A setup like this would not work well for a few other reasons too. Like on a
sports car, it would have problems with heat I can guarantee it. Looking at
the pic it already has heat sinks all over the place, but in a race situation
the heat emission would be totally ridiculous. As far as handling goes, it
could have problems with grip when cornering hard over bumps. The outside
wheel would essentially behave like having a damper with very high bump
stiffness. I know they claim it has fast response time, but it would need to
have very high resolution to still absorb bumps when it is basically holding
up that corner of the car. Oh, and its damn heavy...

------
savrajsingh
This tech has been around for years.
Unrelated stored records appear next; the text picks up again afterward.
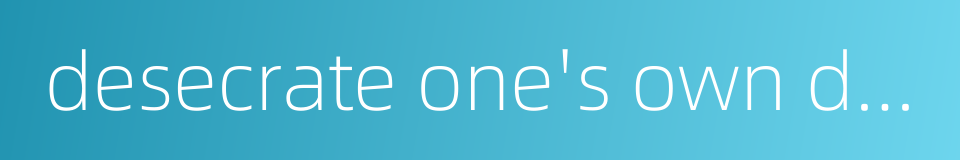 desecrate one's own door的同义词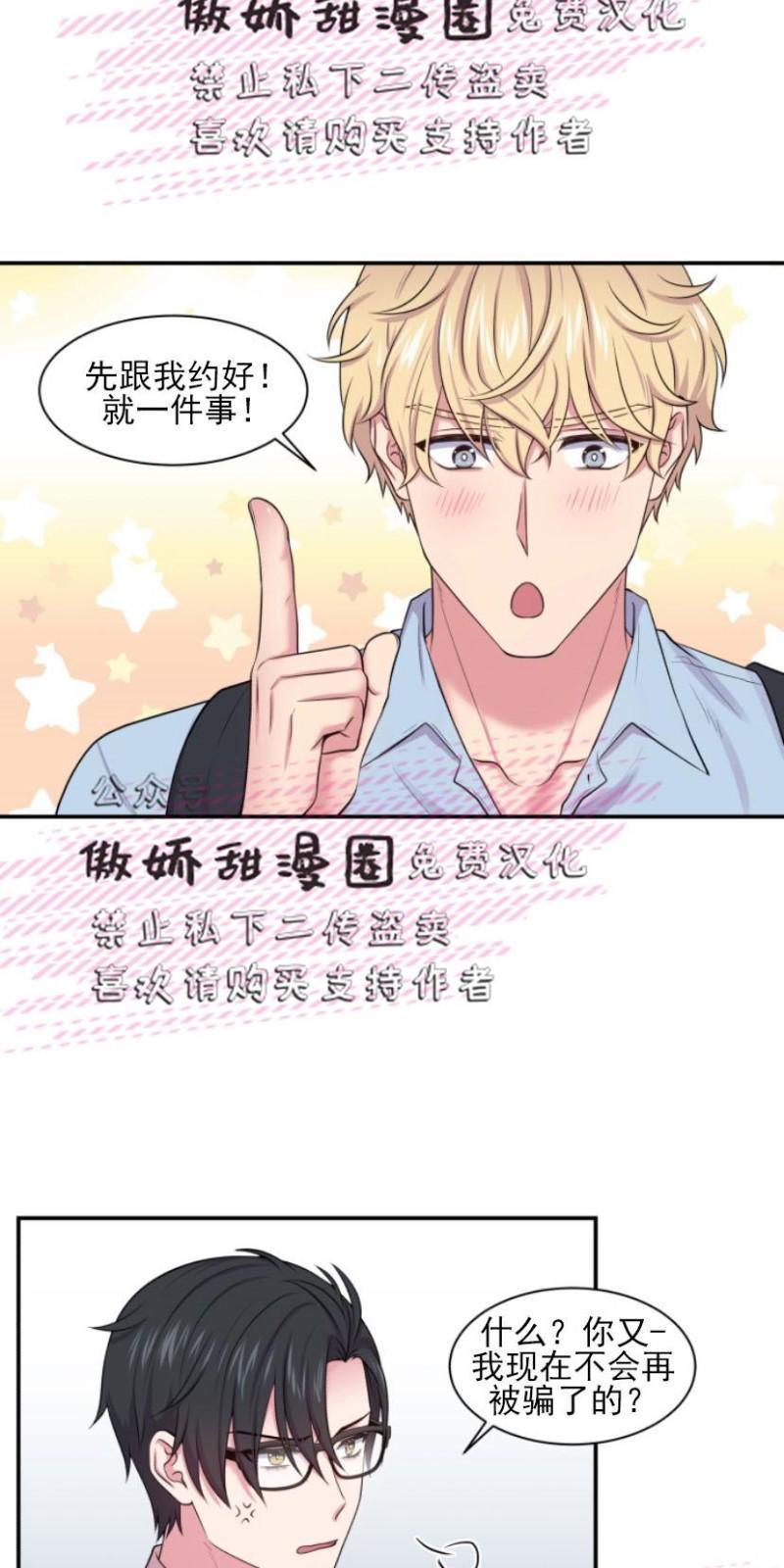 教授的双重生活[耽美]韩漫全集-第19话无删减无遮挡章节图片 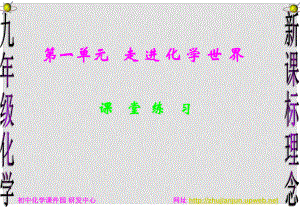 湖南省郴州市九年级化学上册 第一单元《走进化学世界》课件 新人教版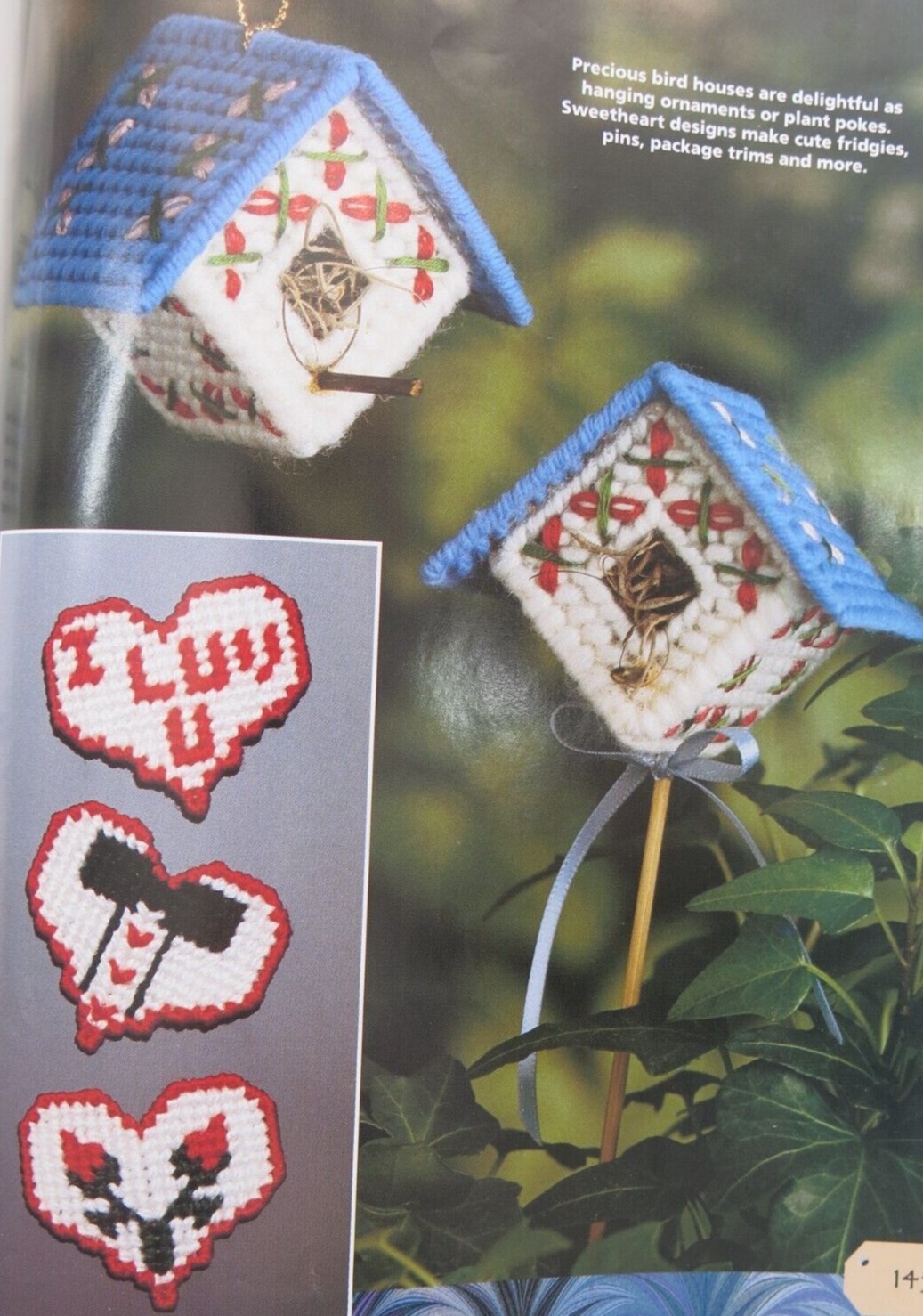 Hardcover “Plastic Canvas Celebration Gifts” Book, 160 pages for 67 DIY Gifts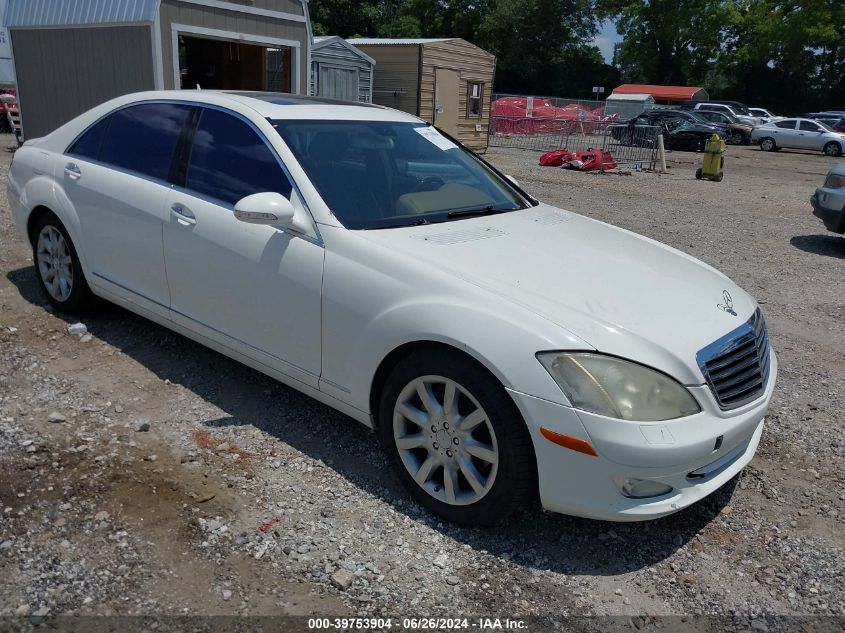 WDDNG71X07A048663 | 2007 MERCEDES-BENZ S 550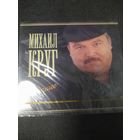 МИХАИЛ КРУГ "ЛУЧШЕЕ" 2CD РОССИЯ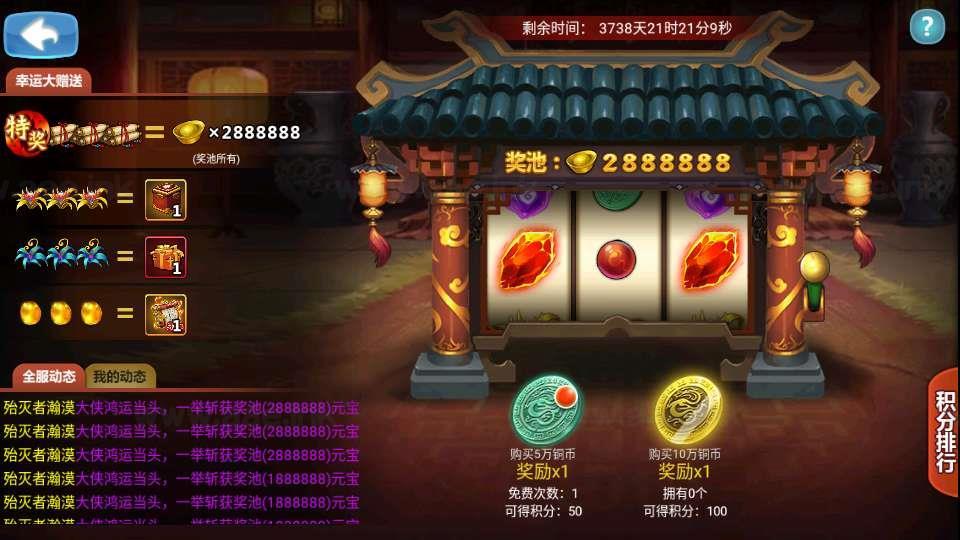 图片[5]_《江湖侠客令五周年修复优化版》经典卡牌回合手游服务端+管理后台+安卓苹果双端+GM授权后台+详细教程_Aae_Source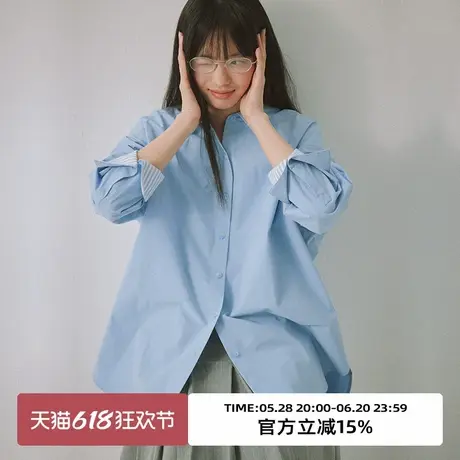 omont蛋挞家 纯色宽松廓形长袖衬衫2025春季小众百搭衬衣撞色上衣商品大图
I wonder why they haven't got it in
production vehicles yet?

Bose Whitepaper:
[http://www.bose.com/pdf/technologies/bose_suspension_system....](http://www.bose.com/pdf/technologies/bose_suspension_system.pdf)

------
jsjenkins168
If this is anything like Bose products of the past, I'm willing to bet that:

1) Bose wont release any technical specs (b/c apparently those dont matter in
loudspeaker design)

2) It will be overpriced.

3) It will be over hyped.

------
kingnothing
Here's a bose site that has much more info about the system:
[http://www.bose.com/learning/project_sound/suspension_challe...](http://www.bose.com/learning/project_sound/suspension_challenge.jsp)

Video is included on the last page.

------
gleb
Active suspension is the natural language processing of automotive industry --
it's a good idea, and can be made to work well enough in the lab, but just
isn't as good as conventional suspension with the same cost.